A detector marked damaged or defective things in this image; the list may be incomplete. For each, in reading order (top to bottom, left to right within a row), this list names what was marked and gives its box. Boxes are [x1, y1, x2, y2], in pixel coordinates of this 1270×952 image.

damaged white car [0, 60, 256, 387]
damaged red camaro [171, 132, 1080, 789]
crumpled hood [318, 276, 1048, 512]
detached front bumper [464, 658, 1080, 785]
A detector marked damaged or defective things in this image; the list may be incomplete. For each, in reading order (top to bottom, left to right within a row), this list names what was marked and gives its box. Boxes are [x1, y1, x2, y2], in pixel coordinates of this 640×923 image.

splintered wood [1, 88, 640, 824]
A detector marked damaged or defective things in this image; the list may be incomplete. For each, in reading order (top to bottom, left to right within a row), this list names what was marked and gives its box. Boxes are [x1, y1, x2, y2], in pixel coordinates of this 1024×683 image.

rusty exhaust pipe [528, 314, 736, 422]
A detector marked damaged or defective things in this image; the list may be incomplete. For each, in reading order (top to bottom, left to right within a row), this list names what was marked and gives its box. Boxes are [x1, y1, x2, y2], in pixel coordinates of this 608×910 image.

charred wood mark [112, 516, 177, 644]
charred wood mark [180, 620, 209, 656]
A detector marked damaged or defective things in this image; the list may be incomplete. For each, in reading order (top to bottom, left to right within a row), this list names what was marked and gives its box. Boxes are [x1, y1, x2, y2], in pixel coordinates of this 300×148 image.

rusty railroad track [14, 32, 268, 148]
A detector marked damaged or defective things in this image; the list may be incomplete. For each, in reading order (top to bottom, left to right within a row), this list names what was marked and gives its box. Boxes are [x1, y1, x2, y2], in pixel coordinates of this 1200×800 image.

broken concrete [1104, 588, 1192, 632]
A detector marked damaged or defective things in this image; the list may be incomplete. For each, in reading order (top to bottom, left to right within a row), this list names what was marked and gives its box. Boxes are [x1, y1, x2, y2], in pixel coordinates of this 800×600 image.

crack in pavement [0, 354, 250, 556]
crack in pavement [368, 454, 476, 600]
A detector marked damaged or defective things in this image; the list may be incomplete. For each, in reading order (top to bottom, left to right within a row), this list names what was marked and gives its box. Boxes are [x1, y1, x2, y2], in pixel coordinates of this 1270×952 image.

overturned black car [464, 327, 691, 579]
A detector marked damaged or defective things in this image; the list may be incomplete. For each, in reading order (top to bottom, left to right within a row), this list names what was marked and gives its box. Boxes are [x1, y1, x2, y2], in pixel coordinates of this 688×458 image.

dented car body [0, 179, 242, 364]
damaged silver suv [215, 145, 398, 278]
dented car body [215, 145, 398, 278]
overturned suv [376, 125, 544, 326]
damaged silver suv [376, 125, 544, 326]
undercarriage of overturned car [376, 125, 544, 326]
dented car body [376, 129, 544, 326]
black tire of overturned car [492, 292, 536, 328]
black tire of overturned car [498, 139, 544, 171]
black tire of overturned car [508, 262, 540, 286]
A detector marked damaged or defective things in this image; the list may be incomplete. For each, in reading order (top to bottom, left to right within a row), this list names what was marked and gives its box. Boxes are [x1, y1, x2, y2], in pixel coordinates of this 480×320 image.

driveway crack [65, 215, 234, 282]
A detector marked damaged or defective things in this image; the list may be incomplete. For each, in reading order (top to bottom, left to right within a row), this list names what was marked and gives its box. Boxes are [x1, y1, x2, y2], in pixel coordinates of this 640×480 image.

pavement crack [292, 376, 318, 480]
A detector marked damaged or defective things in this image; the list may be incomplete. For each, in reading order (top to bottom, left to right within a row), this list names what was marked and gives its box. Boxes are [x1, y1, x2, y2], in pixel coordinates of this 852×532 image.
☆ ☆ ☆
## YOUR GOAL:
Copy over exactly the lines above from the one with "this 640×480 image." to the last, both included, and no others.

## ANSWER TO THE PROBLEM:
A detector marked damaged or defective things in this image; the list may be incomplete. For each, in reading order (top to bottom, left to right within a row), this list names what was marked and gives its box. Boxes are [x1, y1, x2, y2], in pixel coordinates of this 640×480 image.

pavement crack [292, 376, 318, 480]
A detector marked damaged or defective things in this image; the list may be incomplete. For each, in reading order (top to bottom, left to right within a row), this list names what was marked and gives its box. Boxes are [x1, y1, x2, y2], in pixel coordinates of this 852×532 image.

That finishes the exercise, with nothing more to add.